[Windows 2008 R2 File System audit]
When I delete the file, two event log audit messages appear: 4663 which means request for file deletion and 4660 which confirms the deletion. Thay can be joined by attribute Handler.
When I rename the file, two event log audit messages appear: 4663 which means request for file deletion and 4663 for creating new file (but there is only folder path, no filename)
When I move the file from one folder to another, there is the same picture as renaming (because moving is actually renaming, OK)
When I create a new file, no events appear.
So, questions: 1. What am I missing to audit file creation? 2. What am I missing to audit file renaming?
My AuditPol.EXE exports (DACL and SACL):
Category/Subcategory Setting
System
Security System Extension Failure
System Integrity Failure
IPsec Driver Failure
Other System Events Failure
Security State Change Failure
Logon/Logoff
Logon Success and Failure
Logoff Success and Failure
Account Lockout Success and Failure
IPsec Main Mode Success and Failure
IPsec Quick Mode Success and Failure
IPsec Extended Mode Success and Failure
Special Logon Success and Failure
Other Logon/Logoff Events Success and Failure
Network Policy Server Success and Failure
Object Access
File System Success
Registry No Auditing
Kernel Object No Auditing
SAM No Auditing
Certification Services No Auditing
Application Generated No Auditing
Handle Manipulation No Auditing
File Share No Auditing
Filtering Platform Packet Drop No Auditing
Filtering Platform Connection No Auditing
Other Object Access Events No Auditing
Detailed File Share No Auditing
Privilege Use
Sensitive Privilege Use Failure
Non Sensitive Privilege Use Failure
Other Privilege Use Events Failure
Detailed Tracking
Process Termination Failure
DPAPI Activity Failure
RPC Events Failure
Process Creation Failure
Policy Change
Audit Policy Change Failure
Authentication Policy Change Failure
Authorization Policy Change Failure
MPSSVC Rule-Level Policy Change Failure
Filtering Platform Policy Change Failure
Other Policy Change Events Failure
Account Management
User Account Management Failure
Computer Account Management Failure
Security Group Management Failure
Distribution Group Management Failure
Application Group Management Failure
Other Account Management Events Failure
DS Access
Directory Service Changes No Auditing
Directory Service Replication No Auditing
Detailed Directory Service Replication No Auditing
Directory Service Access Success
Account Logon
Kerberos Service Ticket Operations Success and Failure
Other Account Logon Events Success and Failure
Kerberos Authentication Service Success and Failure
Credential Validation Success and Failure
Entry: 1
Resource Type: File
User: CONTOSO\Domain Users
Flags: Success
Accesses:
FILE_WRITE_DATA
FILE_APPEND_DATA
FILE_DELETE_CHILD
DELETE
The command was successfully executed.
`
This is a complex answer.

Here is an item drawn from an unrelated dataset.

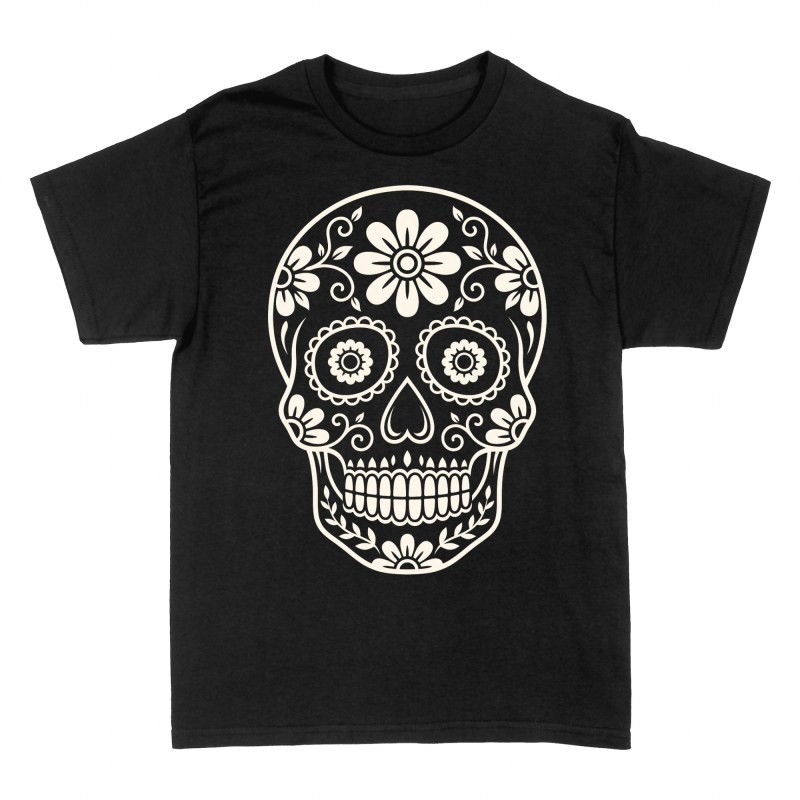 Camisetas: Calavera mexicana con flores ornamentales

While I collect the relevant links (which consist of the reasons¹ this is hard to reliably accomplish within the auditing system) try this:
Use SysMon and pivot off of EventID 2.
Related unanswered question.
¹ They all boil down to behavior of the CreateFile() API, different parameters it can receive, from where, hooking, architecture and what the consumer does with the handle after they get it. Detecting changes to the created file time should get rid of all of that.